Pour comprendre en quoi les notions communes, qui de prime abord sont de simples idées d'affections du Corps comme n'importe quelle autre idée du premier genre de connaissance, sont non pas inadéquates mais nécessaires et même de ce point de vue éternelles, donc vraies, on ne peut pas se baser sur le fait qu'elles sont le produit de la raison ou du 3e genre. Le problème est donc de comprendre comment elles peuvent être vraies. C'est là qu'il faut bien comprendre ce "sans aucune relation de temps", qui n'est pas du tout la même chose qu'un "sans aucune relation au temps" ou un "hors temps". Sinon on ne voit pas ce qui pourrait rendre vraies les notions communes, tu vois?

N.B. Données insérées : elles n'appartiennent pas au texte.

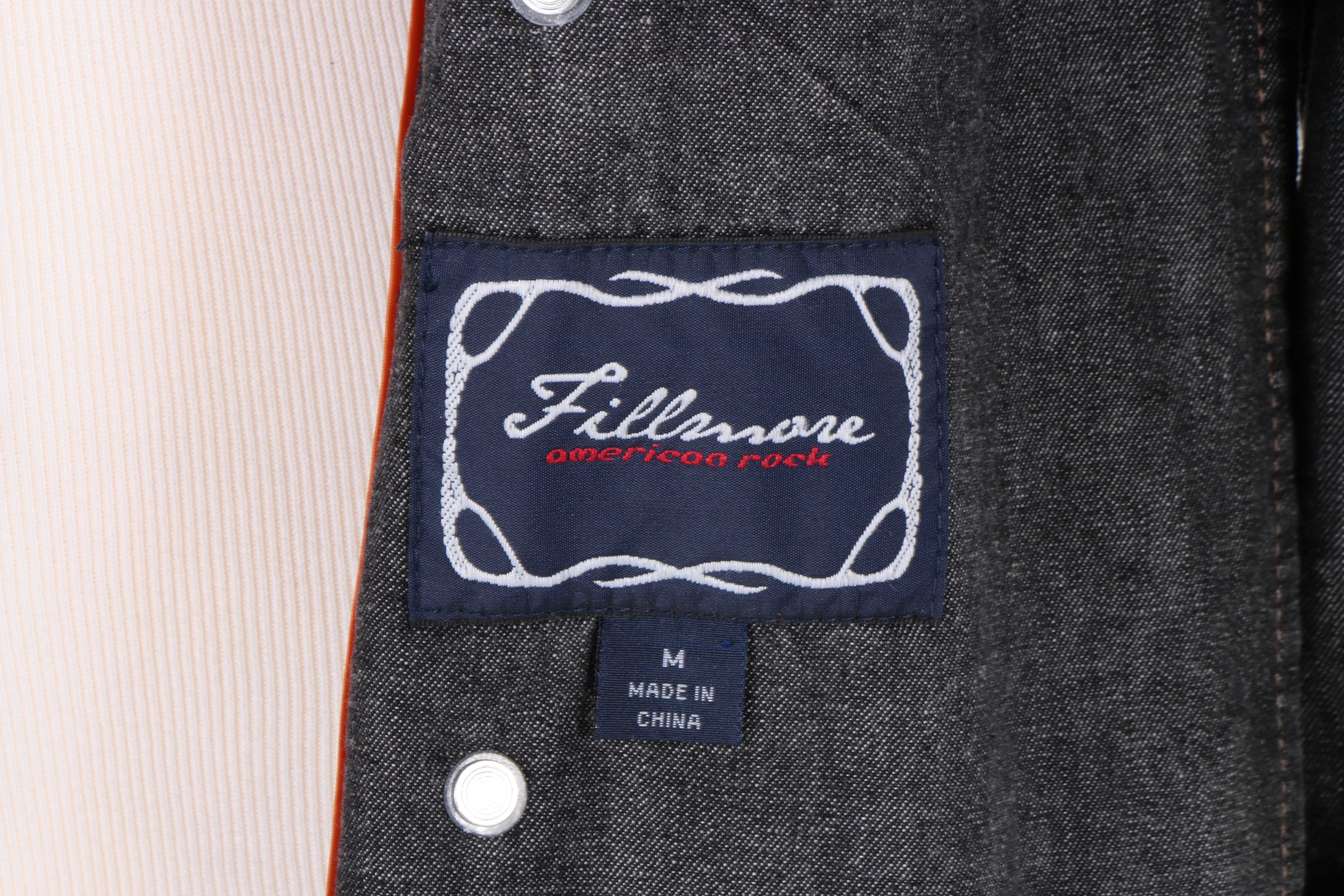 Fillmore American Rock Women's Trench Coat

Deuxième problème: si tu es d'accord pour dire que les notions communes ne sont pas produites par la raison, donc par des raisonnements, des déductions, des démonstrations, on rejoint l'idée habituelle de la notion commune, telle qu'elle l'était déjà chez Euclide: il s'agit de choses qui ne PEUVENT pas être démontrées ou produites par la raison. Or les deux occurrences sur lesquelles toi-même, ShBJ et Tecti vous basez pour revendiquer le statut de notion commune pour l'idée de l'essence de Dieu, ce sont des occurrences où cette idée est produite par un raisonnement. Les raisonnements peuvent certes produire des idées adéquates. Mais pas de notions communes. On pourrait bien sûr penser qu'il en va autrement chez Spinoza, et en théorie cela me semble être tout à fait possible. Mais alors il faut pouvoir montrer pourquoi on devrait penser cela. De prime abord, le fait qu'il reconnaît qu'il s'agit de fondements de nos raisonnements rend une telle démonstration difficilement concevable.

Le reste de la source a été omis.